With App Mesh, since our traffic is routed through our Envoy proxy containers, we get an easy way to monitor because they can all go through the mesh.
So tools like Datadog can integrate directly with App Mesh for monitoring and observability goodness.
Ultimately, you can integrate, I think there’s directions on the Datadog site, but ultimately, it looks a lot like integrating just with Envoy because it’s just Envoy proxies, but managed through the mesh.
So that gets you things like service activity, so like request counts or response codes, gets you Envoy activity.
So are my proxies healthy?
Are my health checks passing or application activity?
So HTTP filters plus tracing.
So how can I see how my services are interacting between each other?
If you’re looking for some help getting started, App Mesh is on GitHub, not App Mesh itself, but there’s a bunch of examples on there.
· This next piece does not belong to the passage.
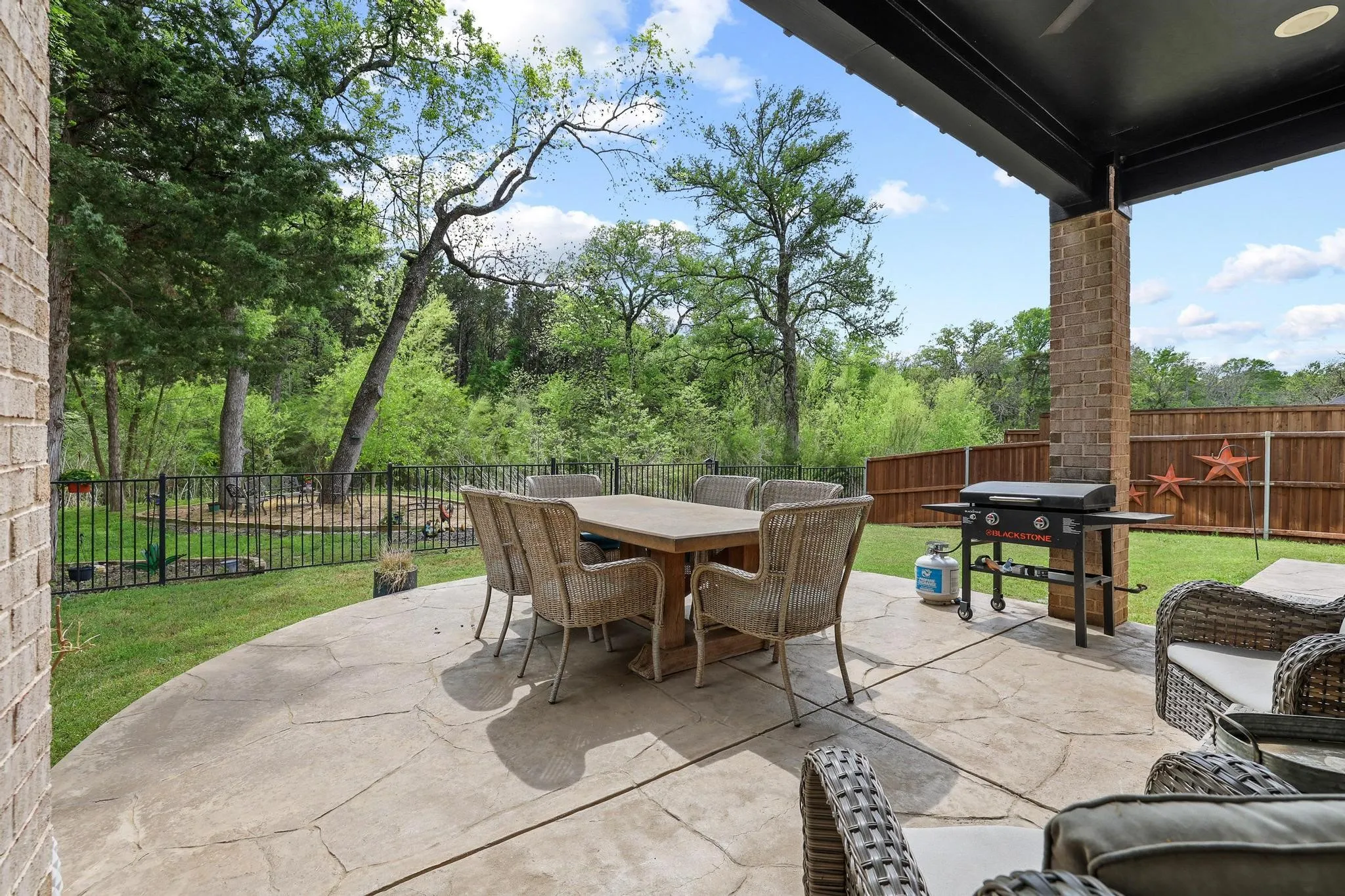 Fenced backyard with a patio, area for grilling, and outdoor dining space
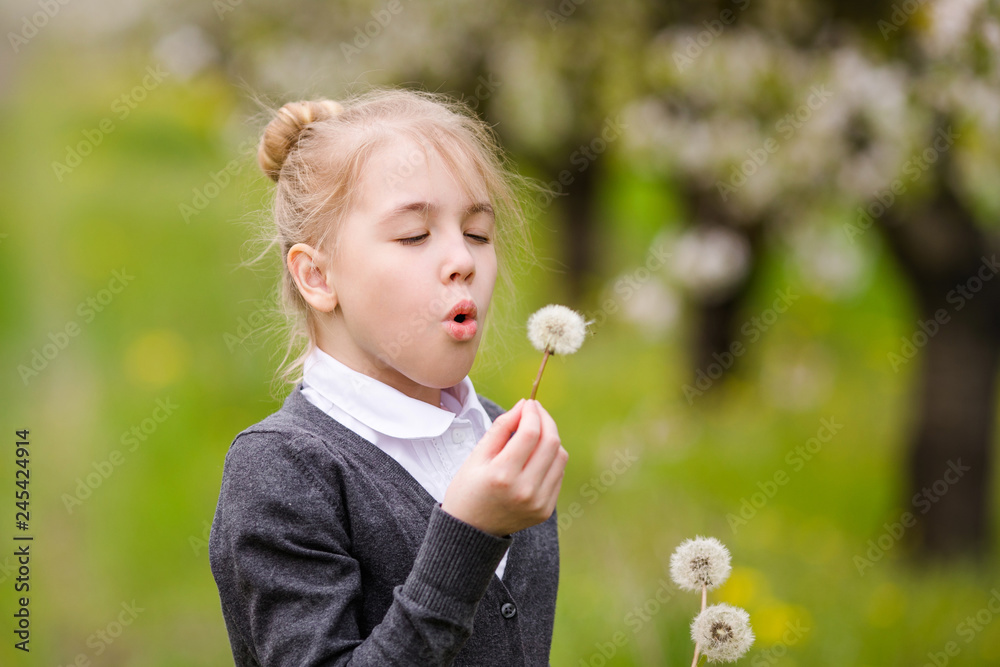 Portrait of a blonde girl in gray jacket standing against background of flowering trees. Kid with white dandellion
A roadmap of things that are coming up.
But this is also on GitHub, so our new thing is publishing public roadmaps for some of our services.
So for all the container services plus App Mesh, they have public roadmaps on GitHub so you can see what we’re working on and what we’re thinking about in public without having to go search for it yourself or just kind of hope that we’re doing it.
That is it.
Thank you for joining me.
I will be hanging out.
I think it’s a break now, but I will be hanging out at one of those table things after this.
So thank you.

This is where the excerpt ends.